Ten years ago many retailers were still thinking about whether putting up a website made sense. The value of doing so was difficult to quantify in hard ROI terms. Fast forward 10 years, and websites have become passé, giving way to Facebook, Twitter, and Pinterest. Ten years from now there's no telling what we'll need to do to connect with our customers.
Many retailers are fretting over the growth of showrooming, where shoppers look at an item in a brick and mortar store, then buy it online for less. What retailers should be more concerned about is whether they have an integrated online presence, and how that connects to the in-store experience, or if it even does connect. Is the experience for shoppers offline and online seamless and consistent?
One of the concerns that goes all the way back to those original website questions has to do with the audience for such advances. Who is the target for new media, and by putting more emphasis on digital are we at risk of alienating our "traditional" shopper base?
Retailers historically have fallen in love with technology quickly. Kiosks, handheld devices, fingerprint payment terminals; even the switch to scanners back in the late 1970s was driven by retailers. The perceived payback on these devices tended to be in the form of labor savings as stores struggled to find ways to cut their single greatest controllable cost. But shoppers rarely asked for these "advances." While checkstand scanning has become the norm, kiosks and handhelds have rarely caught on, with a few notable exceptions.
If the new program requires shoppers to change long-term habits, that's a red flag that the program is destined for failure. In a turnabout, mobile is being driven by shoppers more than retailers, which is a compelling reason to get on the mobile bandwagon, but with the shopper in mind.
2013 has been touted as the year that the mobile wallet will really gain ground. Maybe. Part of the problem with the term "mobile wallet" is that it's a slippery definition. If we're talking about something that's going to replace that worn leather accessory full of cards, identification, and old shopping lists, we're likely a good ways off from that. Early adopters will jump on board and will be more willing to put up with the occasional bumps in the road. But others -- probably the majority -- are going to want to wait until they see a clear benefit or are forced to make the change.

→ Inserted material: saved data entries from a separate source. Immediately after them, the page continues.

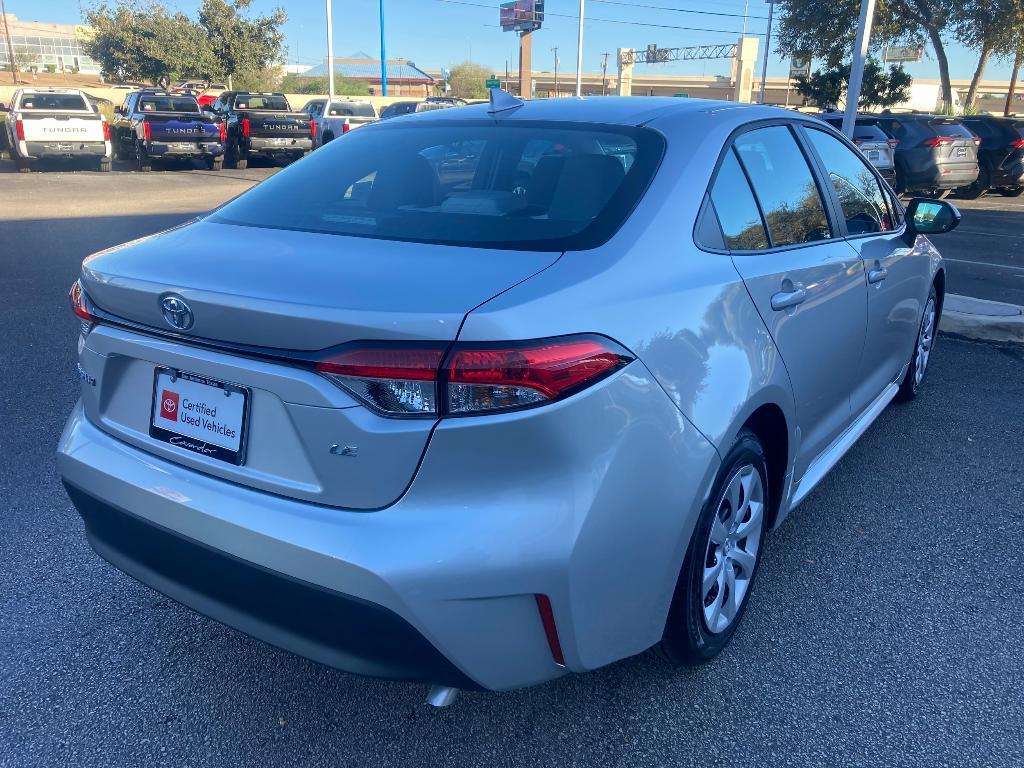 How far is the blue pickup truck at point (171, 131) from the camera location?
19797 millimetres

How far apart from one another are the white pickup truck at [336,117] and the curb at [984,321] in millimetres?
18508

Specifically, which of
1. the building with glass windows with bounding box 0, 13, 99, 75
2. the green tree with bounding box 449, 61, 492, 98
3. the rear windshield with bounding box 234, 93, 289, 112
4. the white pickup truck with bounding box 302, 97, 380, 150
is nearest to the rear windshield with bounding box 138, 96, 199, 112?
the rear windshield with bounding box 234, 93, 289, 112

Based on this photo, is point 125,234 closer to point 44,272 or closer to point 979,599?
point 44,272

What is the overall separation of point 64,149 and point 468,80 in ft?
230

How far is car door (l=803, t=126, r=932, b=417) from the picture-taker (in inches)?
139

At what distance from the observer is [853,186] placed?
375 cm

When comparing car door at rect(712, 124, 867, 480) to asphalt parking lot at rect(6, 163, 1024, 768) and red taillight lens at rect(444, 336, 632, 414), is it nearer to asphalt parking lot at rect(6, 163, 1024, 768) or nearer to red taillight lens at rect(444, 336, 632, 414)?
asphalt parking lot at rect(6, 163, 1024, 768)

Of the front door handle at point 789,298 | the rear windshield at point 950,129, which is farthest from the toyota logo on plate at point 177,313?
the rear windshield at point 950,129

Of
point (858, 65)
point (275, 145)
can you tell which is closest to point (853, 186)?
point (858, 65)

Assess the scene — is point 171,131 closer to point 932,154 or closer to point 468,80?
point 932,154

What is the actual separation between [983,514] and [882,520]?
47cm

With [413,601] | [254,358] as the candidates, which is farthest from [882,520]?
[254,358]

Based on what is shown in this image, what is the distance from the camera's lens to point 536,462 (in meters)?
1.86

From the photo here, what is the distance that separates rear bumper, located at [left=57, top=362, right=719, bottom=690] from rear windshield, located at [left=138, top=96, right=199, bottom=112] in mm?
21540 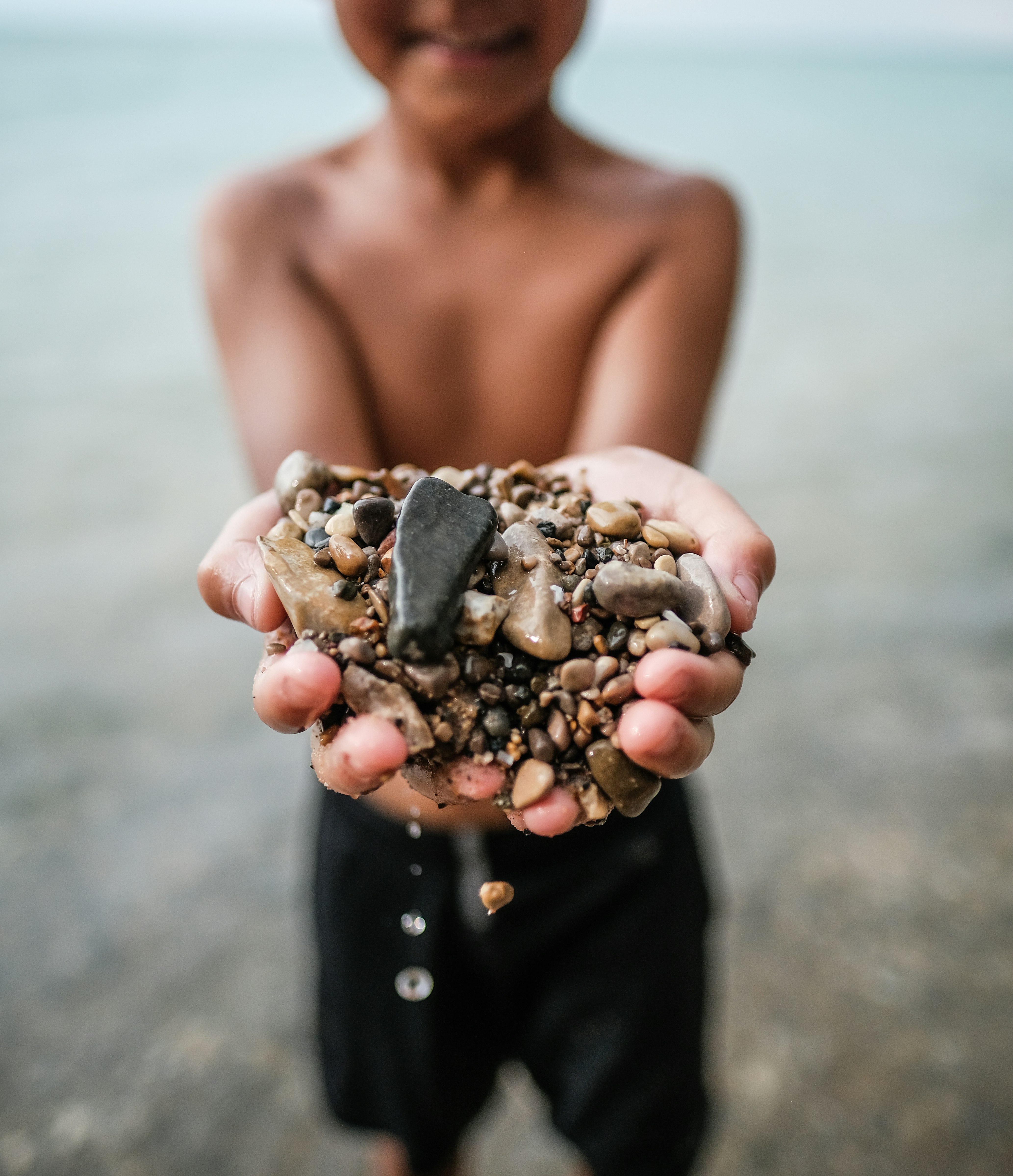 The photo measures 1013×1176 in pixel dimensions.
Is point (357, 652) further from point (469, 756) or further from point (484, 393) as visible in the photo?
point (484, 393)

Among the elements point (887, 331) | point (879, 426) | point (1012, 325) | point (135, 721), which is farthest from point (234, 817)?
point (1012, 325)

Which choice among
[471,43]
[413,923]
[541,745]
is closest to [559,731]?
[541,745]

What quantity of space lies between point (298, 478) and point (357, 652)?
0.53 feet

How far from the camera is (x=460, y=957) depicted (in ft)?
2.60

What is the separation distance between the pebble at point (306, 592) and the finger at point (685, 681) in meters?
0.16

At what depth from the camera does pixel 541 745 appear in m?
0.47

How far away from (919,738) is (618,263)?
1105 millimetres

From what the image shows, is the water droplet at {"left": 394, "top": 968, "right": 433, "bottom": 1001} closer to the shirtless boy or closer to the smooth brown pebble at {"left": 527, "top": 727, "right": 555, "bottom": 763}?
the shirtless boy

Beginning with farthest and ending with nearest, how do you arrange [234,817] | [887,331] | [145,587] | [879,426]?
[887,331], [879,426], [145,587], [234,817]

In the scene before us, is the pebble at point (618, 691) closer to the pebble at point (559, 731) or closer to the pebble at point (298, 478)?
the pebble at point (559, 731)

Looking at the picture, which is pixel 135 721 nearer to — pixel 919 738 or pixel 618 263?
pixel 618 263

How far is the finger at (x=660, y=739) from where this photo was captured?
1.46 feet

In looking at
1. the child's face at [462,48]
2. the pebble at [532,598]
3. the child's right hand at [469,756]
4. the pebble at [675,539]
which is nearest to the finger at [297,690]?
the child's right hand at [469,756]

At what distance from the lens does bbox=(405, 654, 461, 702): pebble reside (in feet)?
1.51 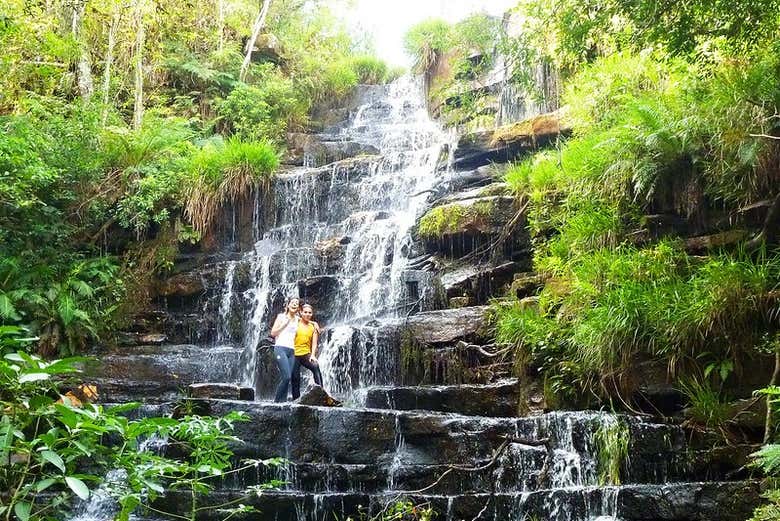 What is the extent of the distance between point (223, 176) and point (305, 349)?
5.71 meters

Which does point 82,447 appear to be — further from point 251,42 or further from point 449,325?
point 251,42

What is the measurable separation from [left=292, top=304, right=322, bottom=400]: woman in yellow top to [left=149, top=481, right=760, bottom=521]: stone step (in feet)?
8.69

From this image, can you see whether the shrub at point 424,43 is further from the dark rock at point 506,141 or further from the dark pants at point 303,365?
the dark pants at point 303,365

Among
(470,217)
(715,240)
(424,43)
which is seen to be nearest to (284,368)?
(470,217)

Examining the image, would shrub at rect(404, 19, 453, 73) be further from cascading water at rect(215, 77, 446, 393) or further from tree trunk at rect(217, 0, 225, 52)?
tree trunk at rect(217, 0, 225, 52)

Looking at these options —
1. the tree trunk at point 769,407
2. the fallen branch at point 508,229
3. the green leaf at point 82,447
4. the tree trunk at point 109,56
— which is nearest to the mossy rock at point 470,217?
the fallen branch at point 508,229

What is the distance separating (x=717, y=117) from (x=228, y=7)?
49.5ft

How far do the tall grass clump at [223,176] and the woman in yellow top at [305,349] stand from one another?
4887 mm

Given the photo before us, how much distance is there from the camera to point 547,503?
18.2 ft

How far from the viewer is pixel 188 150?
13891mm

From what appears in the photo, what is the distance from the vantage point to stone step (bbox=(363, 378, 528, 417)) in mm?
7801

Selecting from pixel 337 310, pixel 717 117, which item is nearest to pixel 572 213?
pixel 717 117

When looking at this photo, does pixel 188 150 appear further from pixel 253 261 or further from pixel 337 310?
pixel 337 310

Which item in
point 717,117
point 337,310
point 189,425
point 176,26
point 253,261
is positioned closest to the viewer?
point 189,425
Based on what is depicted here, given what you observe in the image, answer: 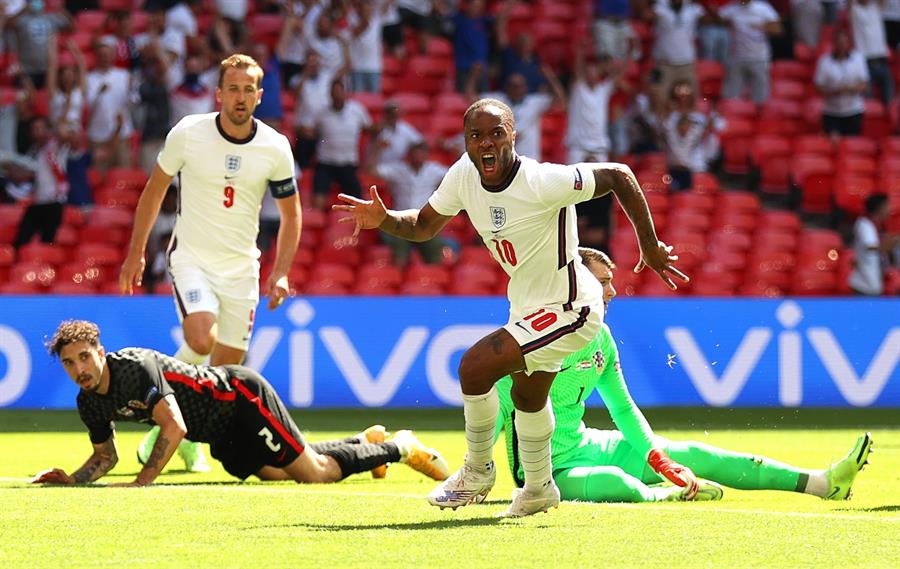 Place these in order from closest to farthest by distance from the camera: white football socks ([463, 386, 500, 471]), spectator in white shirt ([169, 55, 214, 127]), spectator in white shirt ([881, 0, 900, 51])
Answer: white football socks ([463, 386, 500, 471])
spectator in white shirt ([169, 55, 214, 127])
spectator in white shirt ([881, 0, 900, 51])

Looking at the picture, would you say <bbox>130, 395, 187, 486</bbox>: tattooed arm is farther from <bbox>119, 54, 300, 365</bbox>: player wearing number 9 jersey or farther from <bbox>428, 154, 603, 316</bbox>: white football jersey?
<bbox>428, 154, 603, 316</bbox>: white football jersey

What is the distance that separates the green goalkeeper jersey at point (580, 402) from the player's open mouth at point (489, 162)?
3.88 feet

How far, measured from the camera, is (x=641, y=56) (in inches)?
803

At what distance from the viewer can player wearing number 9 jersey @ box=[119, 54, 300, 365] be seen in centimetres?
946

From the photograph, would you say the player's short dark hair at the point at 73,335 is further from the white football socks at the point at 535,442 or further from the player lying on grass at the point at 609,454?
the white football socks at the point at 535,442

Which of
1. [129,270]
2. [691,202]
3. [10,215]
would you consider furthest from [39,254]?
[129,270]

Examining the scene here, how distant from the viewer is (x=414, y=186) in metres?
17.4

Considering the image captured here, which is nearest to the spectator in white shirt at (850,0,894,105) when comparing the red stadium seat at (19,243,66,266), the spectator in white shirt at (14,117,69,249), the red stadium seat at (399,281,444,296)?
the red stadium seat at (399,281,444,296)

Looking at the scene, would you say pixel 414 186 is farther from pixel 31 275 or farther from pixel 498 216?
pixel 498 216

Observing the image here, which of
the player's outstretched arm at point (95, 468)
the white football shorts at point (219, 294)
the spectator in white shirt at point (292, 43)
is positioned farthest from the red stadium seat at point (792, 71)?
the player's outstretched arm at point (95, 468)

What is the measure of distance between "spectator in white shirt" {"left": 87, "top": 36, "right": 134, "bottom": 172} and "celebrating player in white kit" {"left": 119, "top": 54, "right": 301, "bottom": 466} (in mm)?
8199

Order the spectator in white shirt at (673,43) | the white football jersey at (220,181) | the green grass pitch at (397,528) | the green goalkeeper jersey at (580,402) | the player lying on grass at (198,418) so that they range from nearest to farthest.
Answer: the green grass pitch at (397,528), the green goalkeeper jersey at (580,402), the player lying on grass at (198,418), the white football jersey at (220,181), the spectator in white shirt at (673,43)

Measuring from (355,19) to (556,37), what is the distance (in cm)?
304

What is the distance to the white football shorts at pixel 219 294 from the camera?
956 cm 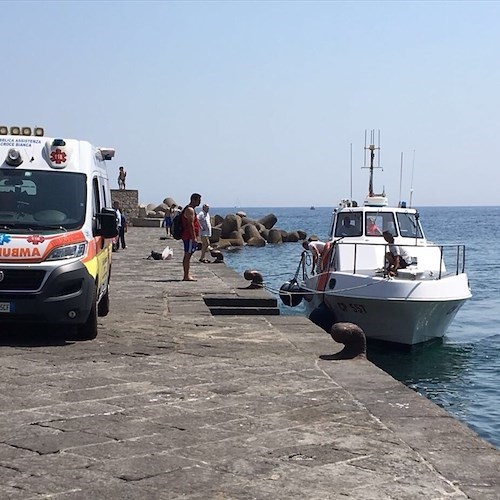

Change is difficult for everyone, and when personal and/or financial data is involved, expect a long, slow journey to implementation. For those not willing to adapt, let them do what they have been doing. This also means not treating them like anachronistic Luddites or exceptions to the new process.
E-commerce sites are fairly commonplace today, but a number of challenges remain. For example, more than a few retailers have been caught with a different (i.e., higher) price online than in-store, or vice versa. When competing with the likes of Amazon, the online price should always be the best price offered. But those shopping in the brick and mortar environment shouldn't be penalized. Doing otherwise confuses and alienates shoppers.
Don't tell shoppers in-store that they need to buy a product online to get that price -- ever. You might as well send them to your competition, for good.
Marketing plans must reach and connect with many audiences. The secret is to offer choices in everything from engagement (e.g., buying a car online vs. going to a dealer) to giving the customer options for marketing materials, purchases, communication, and so on. Don't force shoppers to "like" your Facebook page to get a deal. Offer that, but offer an alternative as well to get the same deal.
In short, the secret to successfully marketing to the full spectrum of shoppers without alienating any specific group is to be transparent in your communication, open to shopper needs, and willing to offer multiple options for any given promotion or event.
Jeff Weidauer is the vice president of marketing and strategy at Vestcom International.